Figure 3. (a) Distribution of sampling points of different street types. (b) Examples of street view images of different street types from the pedestrian perspective

Traditional streets and alleys are fundamental components of the historic urban area, reflecting its traditional characteristics. Alongside modern roads, they constitute the backbone of the urban public space. The protection and development of Guangzhou's historic urban area place great importance on improving street vitality and quality. Based on an evaluation of the streets in this historic area, we discuss the relationship between the vitality and quality of different types of streets. The aim is to provide targeted strategies for enhancing the vitality and quality of these streets.

Materials and Methods

Approaches

The research approaches are presented in Figure 4. Firstly, the street quality of each sampling point was evaluated from the perspective of audio-visual dual perception, considering five evaluation indicators: commercial atmosphere, greenness, enclosure, crowdedness, and noise level.

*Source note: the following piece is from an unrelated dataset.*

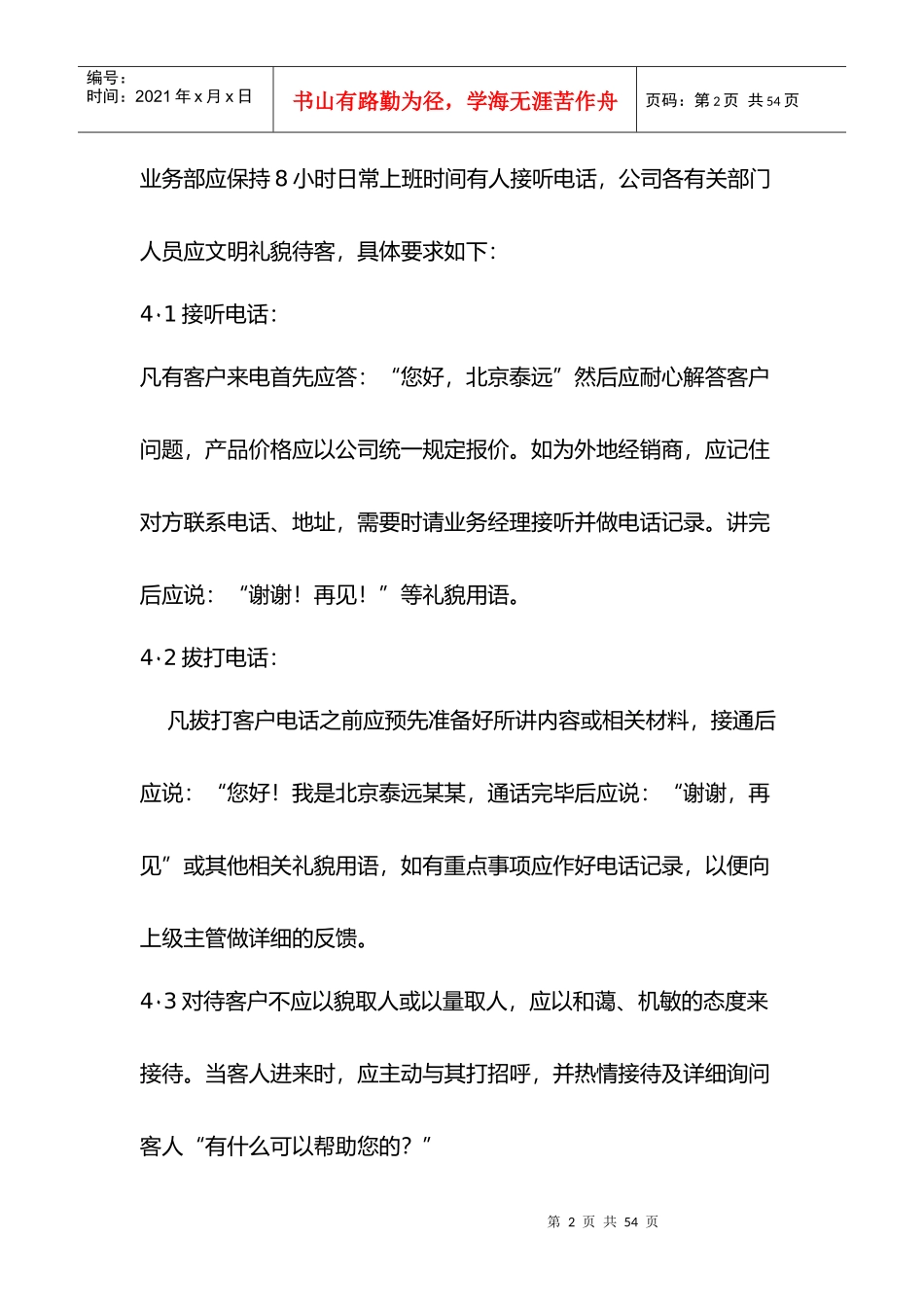 安装售后服务的制度_第2页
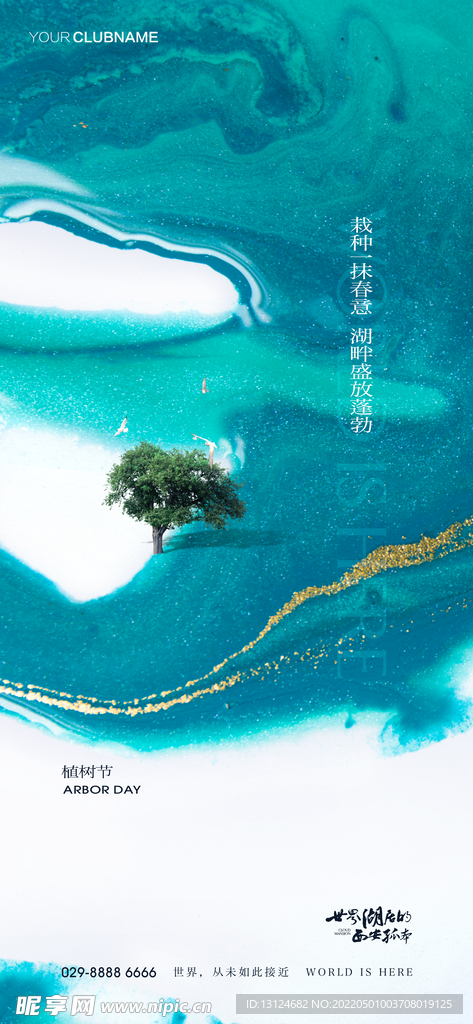 植树节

Secondly, combined with perceptual preferences obtained through video scoring, these five evaluation indicators were weighted and calculated to obtain the street quality score. Thirdly, the vitality intensity of each sampling point was determined by pedestrian volume from the field survey. Finally, the spatial segregation between street quality and vitality was explored and discussed, along with the influencing factors such as POIs, population, and commercial activities.

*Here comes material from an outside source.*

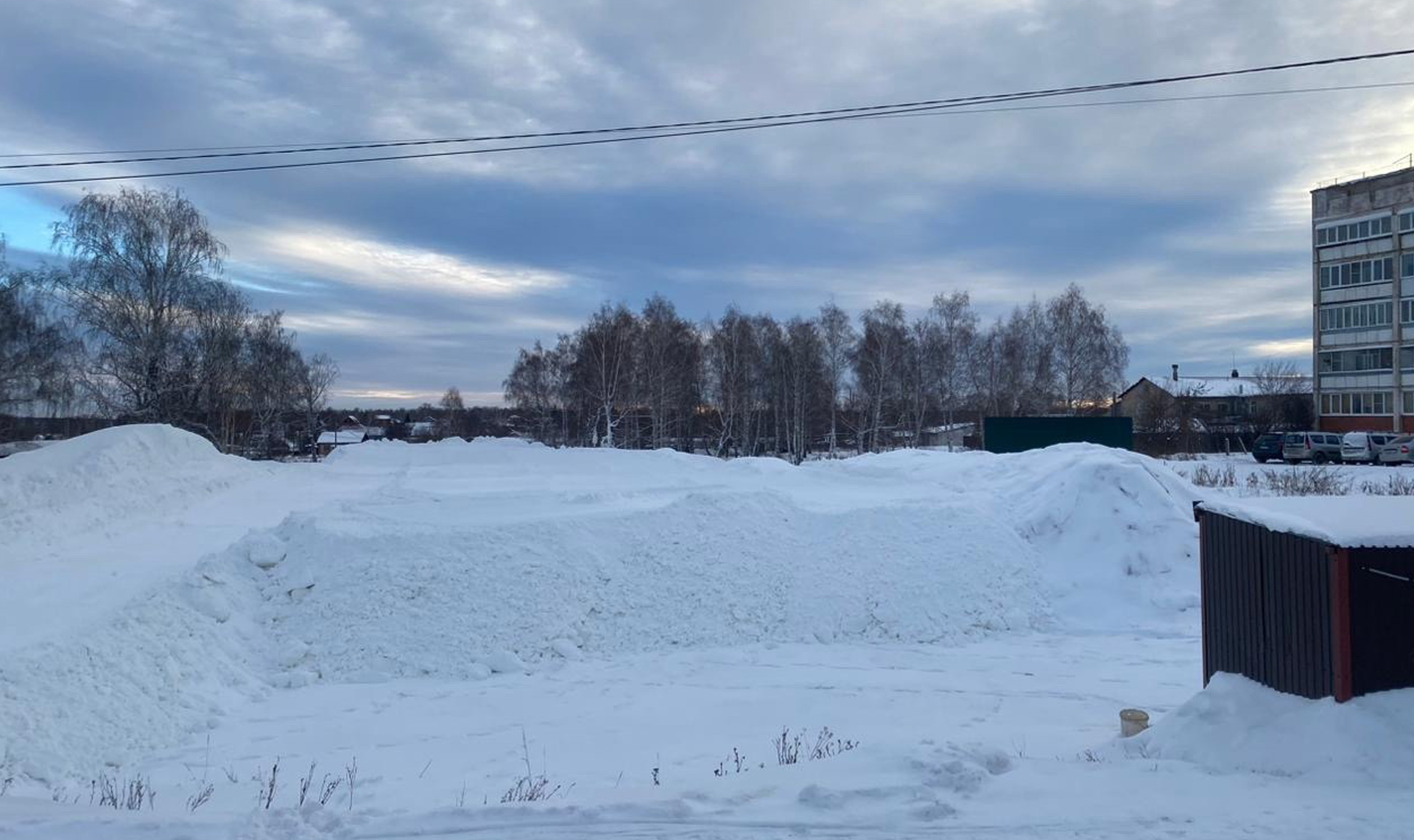 Снегохранилище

Figure 4. Research approaches.

Data collection and processing

Data sources

Street view images, day-time equivalent sound level, videos and pedestrian volume at 242 sampling points were obtained through field research conducted between 2:00 PM and 6:00 PM. This time period was chosen to capture a representative sample of daily street activities and conditions. The distribution of these sampling points can be seen in Figure 3(a). The survey process at each sampling point included taking photos from the pedestrian's perspective, counting the number of pedestrians passing by within a 1-minute time frame, monitoring the sound level using a sound level meter, and recording a 1-minute video. Additionally, POI data was obtained from Amap.

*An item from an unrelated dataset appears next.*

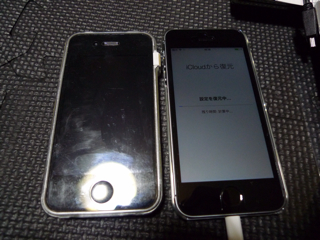 f:id:fishsword:20130928084207j:plain f:id:fishsword:20130928084207j:plain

Street view images processing

Using a pre-trained model from the Model Zoo (Chen, L.-C., Papandreou et al., 2017), semantic segmentation was employed to process street view images. The model was based on the Cityscapes Dataset and trained using DeepLabV3, with a pixel accuracy (pixAcc) of 96.4 and a mean intersection over union (mIou) of 79.4. As shown in Figure 5, the segmentation results divided the street view images into 19 categories, including road, sidewalk, building, wall, fence, pole, traffic light, traffic sign, vegetation, terrain, sky, person, rider, car, truck, bus, train, motorcycle, and bicycle. The proportion of pixels for each category was also calculated.

Figure 5. Examples of semantic segmentation results for street view images from pedestrian perspective.

Sound level measurement

According to the People's Republic of China's "Environmental Quality Standard for Noise (GB 3096-2008)" (Environmental quality standard for noise: https://www.mee.gov.cn/ywgz/fgbz/bz/bzwb/wlhj/shjzlbz/200809/t20080917_128815.shtml), if the environment is affected by fixed noise sources, the measurement time can be set as 1 minute. The sound sources in Guangzhou’s historic urban area mainly include point sources such as living sounds, mechanical sounds, and natural sounds, as well as linear sources such as traffic sounds, which exhibit varying patterns. The day-time equivalent sound level was obtained by using a multifunctional sound level meter AWA6228 for 1 minute at each sampling point. This method provides precise and standardized sound level measurements, essential for objective acoustic environment assessment. The sound level meter accurately captures sound intensity, reflecting the diverse noise conditions across the historic urban landscape.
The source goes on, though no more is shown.